Die Lösung lag schließlich unmittelbar in der Nähe, im Nachbarort Holzmaden. Dort hatte der Unternehmer Melik Sarikaya nicht nur Spenden gesammelt, sondern auch Mietlastwagen organisiert. Doch die ersten drei waren schon so gut wie voll. Als er den dann sogar einen vierten Truck zur Verfügung hatte, war klar: Da gibt es auch Platz für die Kisten aus Weilheim. „Das war schwieriger als gedacht, aber am Ende haben wir es gemeinsam geschafft“, sagt der Geschäftsführer eines Sanierungsunternehmens. In seinem Lager waren zwischenzeitlich 60 Leute am Packen. In vier verschiedene Städte sind die Laster nun unterwegs: In die völlig zerstörte Stadt Eldistan, Adeyanan, in die Provinz Hatay und nach Pazarcik.
Gesammelt wurde auch in Kirchheim, etwa beim Mobilfunkhändler Fonkmobile im Teckcenter. Auch dort wurden binnen Stunden die Kapazitäten gesprengt. „Das war überwältigend, da kommen einem jetzt noch die Tränen“, sagt Emek Ileli. Der Kirchheimer hat dort nicht nur seine eigenen Sachen hingebracht, sondern auch noch die Mitglieder seines Dettinger Fußballclubs angesprochen, ob sie etwas spenden wollten. Sie wollten. Als es dann im Geschäft zu voll wurde, brachten Helfer die Spenden zu einer Firma nach Unterensingen, wo ein Truck wartete. Dort musste dann alles in Kartons umgepackt werden.
Mit 7,5-Tonner nach Holzmaden
Auch in Weilheim sind alle Spenden nach Holzmaden gebracht und dort verpackt worden.
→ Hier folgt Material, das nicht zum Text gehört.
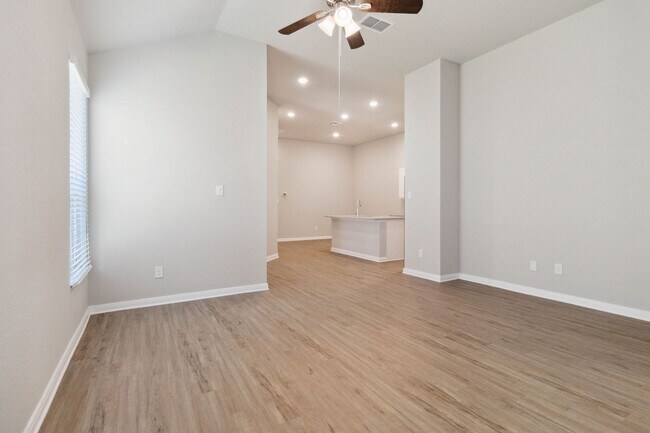 Photo - Stunning Duplex in Emma Park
Für die Tour nach Holzmaden hat Nachbar und Spediteur Rainer Fischer einen 7,5-Tonner zur Verfügung gestellt. Übrigens ist Atilla Özkans Cousine mittlerweile mit ihren Kindern untergekommen. Aber es brauchen noch so viele Menschen mehr Hilfe in der Krisenregion. In Kirchheim, Weilheim und Umgebung war es sicher nicht die letzte Hilfsaktion.